Sa carrière professorale débute en 2008 à l’Université du Québec à Trois-Rivières (UQTR), où elle explore déjà les articulations possibles entre pédagogie, culture et numérique. Puis, en 2013, elle rejoint l’UQAM, en tant que professeure titulaire au Département de didactique des langues. C’est là qu’elle va fonder un véritable pôle de recherche interdisciplinaire autour d’un concept qu’elle contribuera à théoriser, à diffuser et à faire rayonner : la littératie médiatique multimodale.
Dès 2006, ses travaux de didactique trouvent un écho en France, où une préoccupation pour le renouvellement des pratiques éducatives à l’ère du numérique commence à se manifester. S’amorce alors un dialogue scientifique durable, nourri d’échanges constants et de projets communs.
En 2013, elle est ainsi conviée aux Rendez-vous des lettres à Paris, à l’initiative du ministère de l’Éducation nationale de France, pour intervenir sur les approches renouvelées de lecture/écriture dans une culture dominée par les écrans. L’année suivante, à la demande l’UNESCO, elle est invitée, par l’Université de Rouen, à réfléchir aux enjeux de genre en littératie numérique.
Nathalie Lacelle a grandement contribué à structurer un champ de recherche jusque-là dispersé. C’est ainsi que, en 2009, elle crée l’Équipe de recherche en littératie médiatique multimodale (LMM), qui fédère chercheurs, artistes, enseignants et intervenants du monde de l’éducation et de la culture.
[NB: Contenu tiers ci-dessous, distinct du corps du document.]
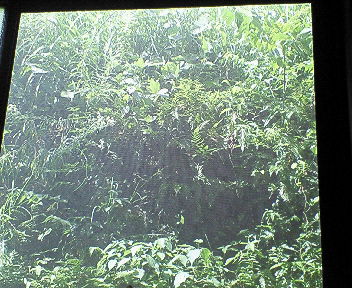 e0001406_2215474.jpg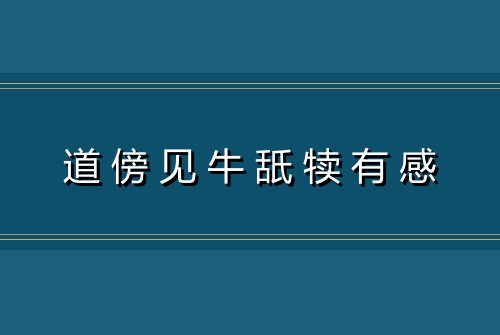 道傍见牛舐犊有感
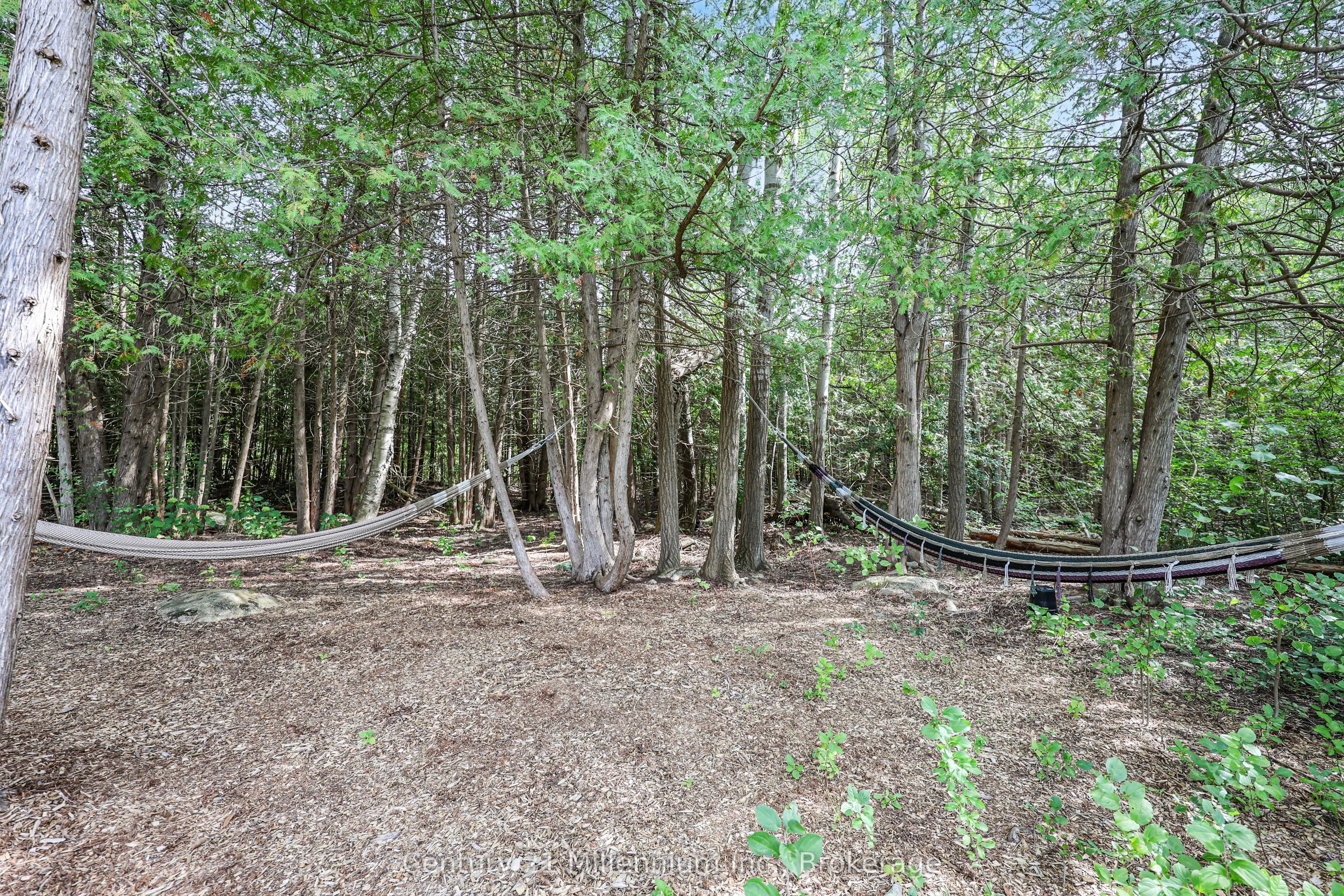 103 Tekiah Road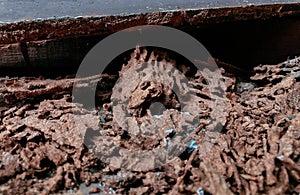 Termite damaged wood pile close up detail - construction pest control problem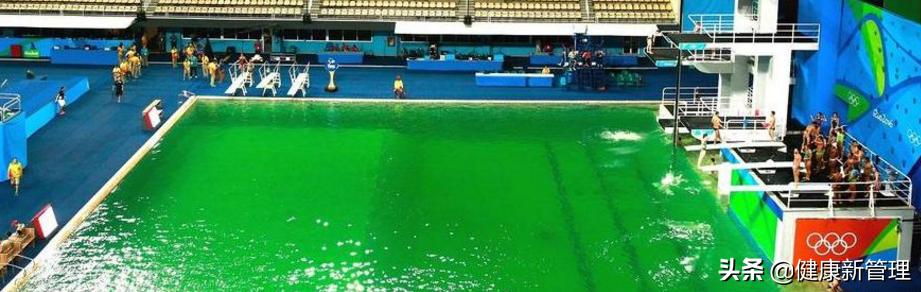 迎战奥运，也别忘了预防病理性头屑、头油及头皮瘙痒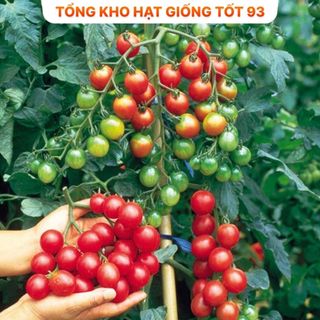Hạt giống cà chua bi chùm siêu quả hàng công ty Loại 1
Cette même volonté de mise en réseau est à l’œuvre lorsqu’elle organise, en 2013, les Rencontres internationales sur la multimodalité en didactique de la littérature à l’Université Laval. L’événement va d’ailleurs marquer un tournant puisqu’il contribue à faire de la multimodalité une notion incontournable en didactique du français. Depuis, cette thématique irrigue la recherche dans la francophonie et inspire de nouvelles politiques éducatives.
En 2015, elle sera de la Commission permanente de coopération franco-québécoise : projet Lire et écrire avec les ressources numériques et multimodales, qui donne lieu au 1er colloque international sur l'Enseignement de la littérature avec le numérique, le 2e se tiendra à BAnQ en 2019 et un 3e, au Congrès de l'Acfas en 2023)
Entre 2017 et 2022, Nathalie Lacelle dirige une chaire institutionnelle en littératie médiatique multimodale à l’UQAM. Toujours en 2017, elle devient responsable du Laboratoire virtuel sur l’édition et l’éducation aux œuvres numériques jeunesse, dont elle tient toujours les rênes. Puis, en 2020, elle cofonde la revue scientifique Multimodalité, dont elle est toujours la rédactrice en chef.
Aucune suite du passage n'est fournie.